Niecodzienną sytuacją jest by podsumowywać zmagania ligowców aż dwa tygodnie po zakończeniu rozgrywek. Jednak w tym sezonie w „najciekawszej lidze” działo się bardzo wiele. I to nie tylko na lokalnych boiskach
W dniu zakończenia rozgrywek wszystko wskazywało na to, że ligę wygra Omega Stary Zamość, która o jeden punkt wyprzedziła Błękitnych Obsza. Jednak szóstego lipca Najwyższa Komisja Odwoławcza Polskiego Związku Piłki Nożnej zadecydowała, że Błękitni odzyskają trzy punkty za wygrany 3:1 mecz z Andorią Mircze, który przez lokalny ZPN został zweryfikowany jako walkower na niekorzyść ekipy z Obszy. A to diametralnie zmieniło układ w tabeli.

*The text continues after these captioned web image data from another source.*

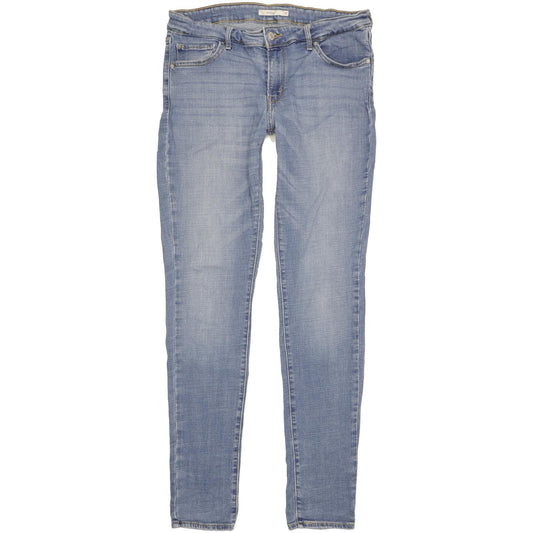 Levi's 711 Women Blue Skinny Slim Stretch Jeans W32 L34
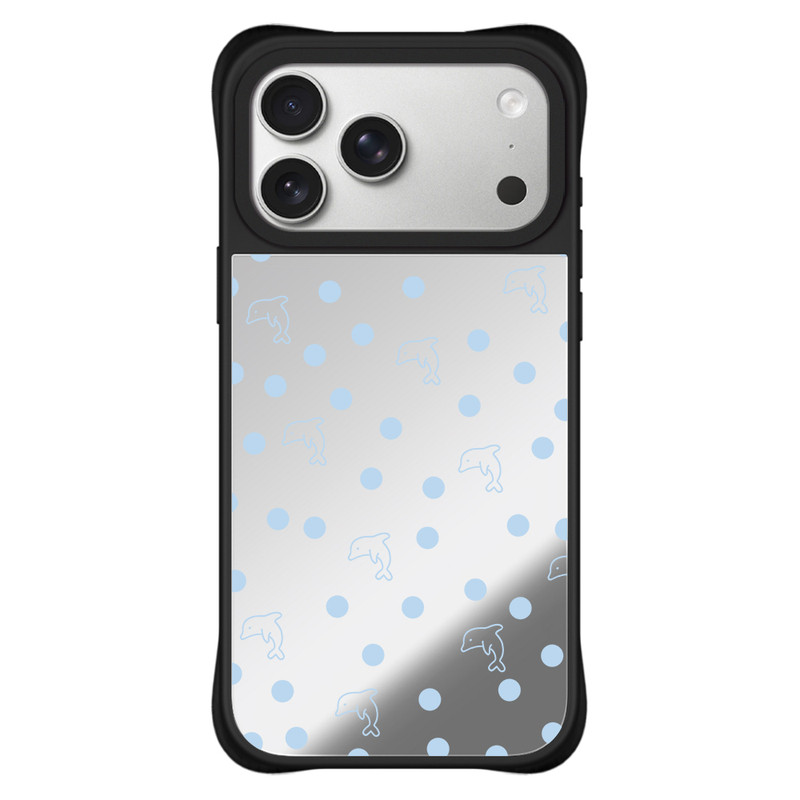汽水波点蓝莓优格 四角防摔适用于iPhone苹果17 16Pro Max手机壳15 14Pro max磁吸13保护壳套
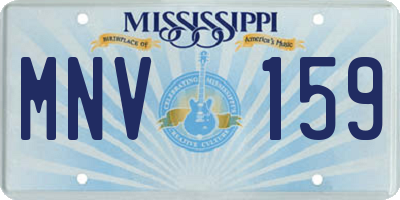MS license plate MNV159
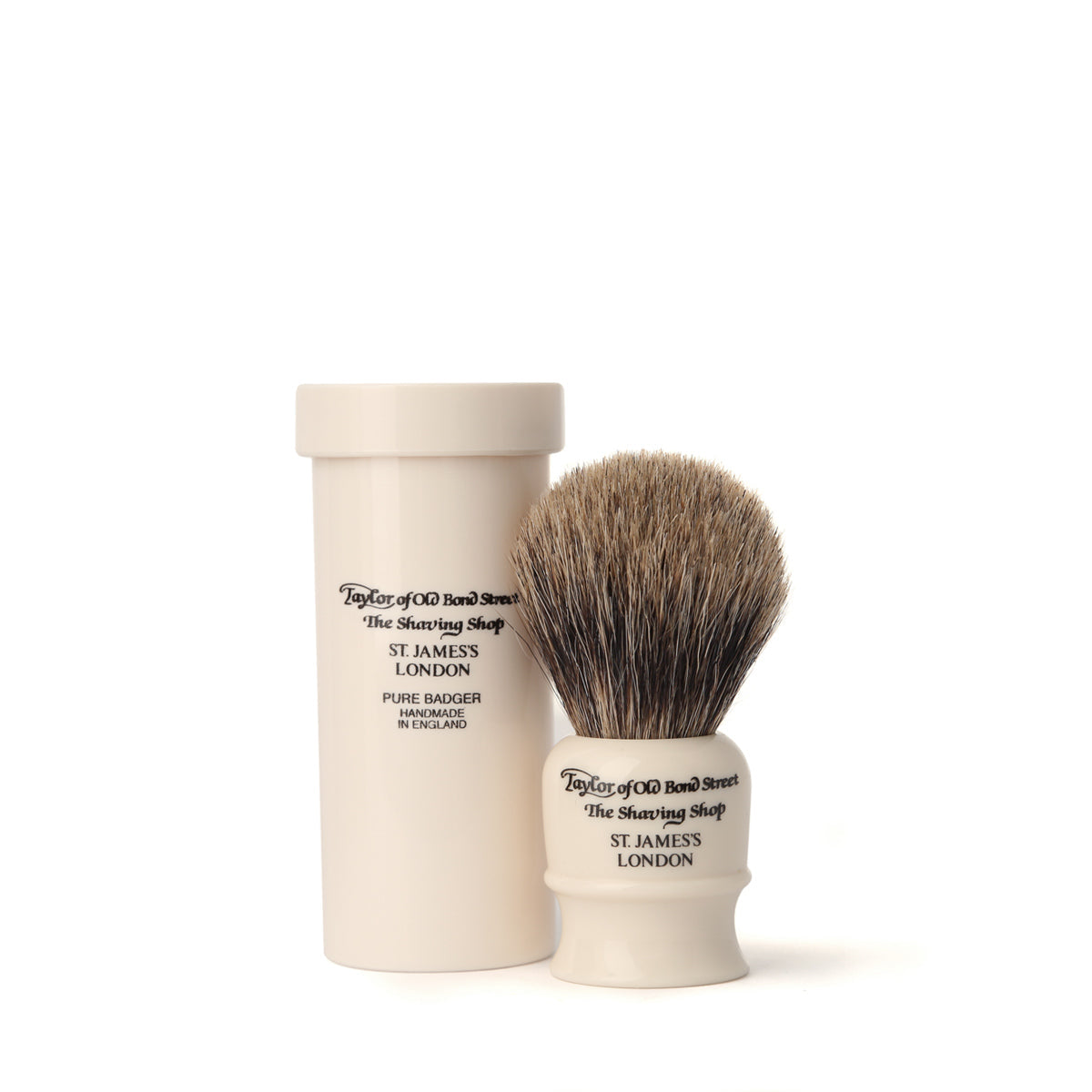 Pure Badger Travel Shaving Brush in Case Black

Ostatecznie pierwsze miejsce w Keeza zamojskiej klasie okręgowej zajęli Błękitni i to oni kosztem Omegi mogą przygotowywać się do gry w Hummel IV lidze. Natomiast wspomniana Andoria osunęła się na 12 miejsce w ligowej tabeli, które oznacza spadek. Natomiast kosztem ekipy z Mircza w lidze utrzymała się Victoria Łukowa.
Pozostałymi spadkowiczami okazały się zespoły Tura Turobin, Sparty Łabunie, Roztocza Szczebrzeszyn i Metalowca Goraj. Pierwsze trzy z wymienionych ekip z degradacją pogodziły się już na kilka kolejek przed końcem rozgrywek. Drużyna z Goraja o ligowy byt walczyła w zasadzie do samego końca, ale również ostatecznie musiała przełknąć gorzką pigułkę.
Jesienią zdecydowanie poniżej oczekiwań spisywała się Łada 1945 Biłgoraj. Drugim rozczarowaniem była postawa Pogoni 96 Łaszczówka. Tymczasem obie te drużyny zanotowały kapitalną wiosnę. Ekipa trenera Jarosława Czarnieckiego dzięki świetnej grze ostatecznie rzutem na taśmę wywalczyła podium rozgrywek. Natomiast zespół dowodzony przez Jerzego Bojko ze strefy spadkowej zdołał wywindować się na szóstą lokatę i w świetnych nastrojach zakończył rozgrywki.